Falling demand in both open and regulated power markets due to increased energy efficiency and a weak economy has led to several deals as U.S. utilities look to cut costs and diversify their portfolios.
This year, Dominion Resources Inc said it would buy Questar Corp for about $4.4 billion and Exelon Corp closed its $6.8 billion merger with Pepco Holdings Inc .
Westar shares rose as much as 8 percent to a record high of $57.24 on Tuesday, but were below the cash-and-stock offer price of $60 per share, suggesting that investors were skeptical the deal would go through.
Great Plains stock fell as much as 8 percent to $28.50.
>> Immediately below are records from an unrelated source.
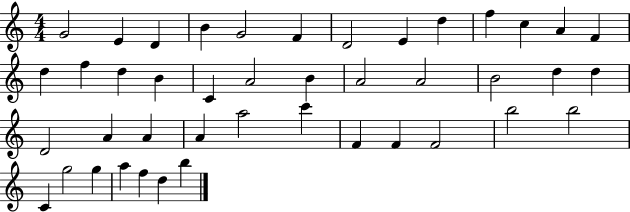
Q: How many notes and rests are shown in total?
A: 43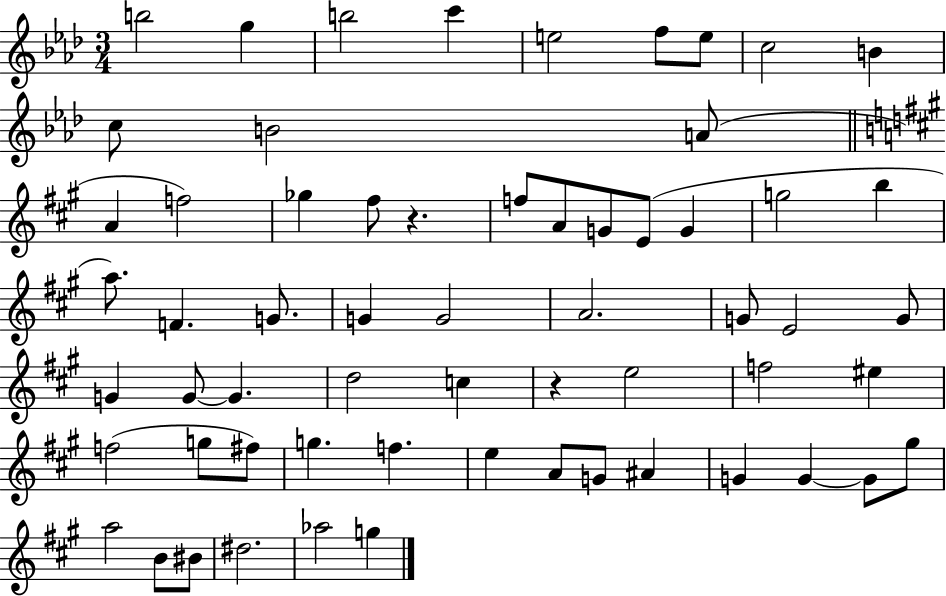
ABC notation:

X:1
T:Untitled
M:3/4
L:1/4
K:Ab
b2 g b2 c' e2 f/2 e/2 c2 B c/2 B2 A/2 A f2 _g ^f/2 z f/2 A/2 G/2 E/2 G g2 b a/2 F G/2 G G2 A2 G/2 E2 G/2 G G/2 G d2 c z e2 f2 ^e f2 g/2 ^f/2 g f e A/2 G/2 ^A G G G/2 ^g/2 a2 B/2 ^B/2 ^d2 _a2 g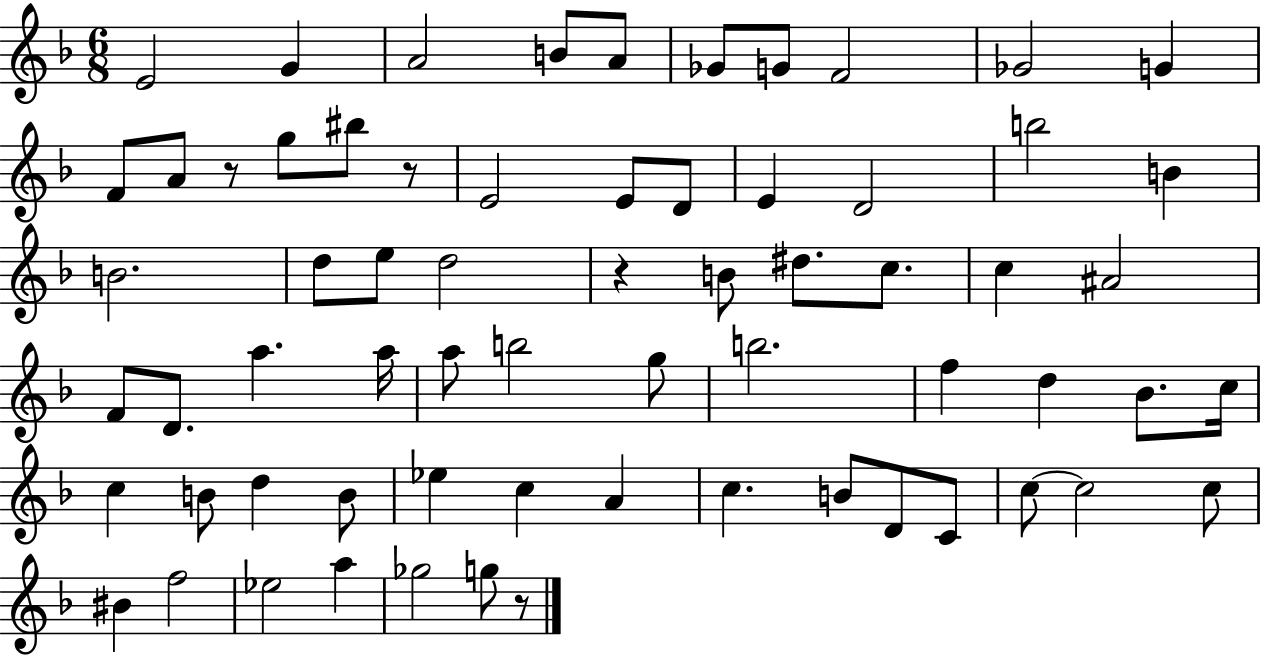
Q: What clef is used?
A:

The enterprise value of the deal is about $12.2 billion, including $3.6 billion of Westar’s debt.
Great Plains said it had secured about $8 billion in committed debt financing from Goldman Sachs and was planning equity and debt issuance to fund part of the deal.
“Financing will be a challenge, but it looks like a manageable challenge,” said Gabelli & Co analyst Timothy Winter, estimating debt of about $12 billion for the combined company.
Kansas City, Missouri-based Great Plains already owns one nuclear and two coal-fired plants with Topeka, Kansas-based Westar.
After the transaction closes, Great Plains’ customer base in Kansas and Missouri will increase to more than 1.5 million from about 850,800 at the end of March, while its generation capacity will rise to nearly 13,000 megawatts from about 6,400 megawatts.
Rising customer expectations, stricter environmental norms and cyber security threats, coupled with slower demand growth, are pushing up companies’ costs, leading to higher tariffs, Great Plains Chief Executive Terry Bassham said.
Bassham, who will head the combined company, expressed confidence that the acquisition would be approved by regulators, saying that the deal made a lot of “sense from both an efficiency perspective and a states perspective.”
The companies said they expected the deal to help them better cope with potential tightening of carbon regulations.
The deal, which includes a reverse breakup fee of $380 million, is expected to close in the spring of 2017.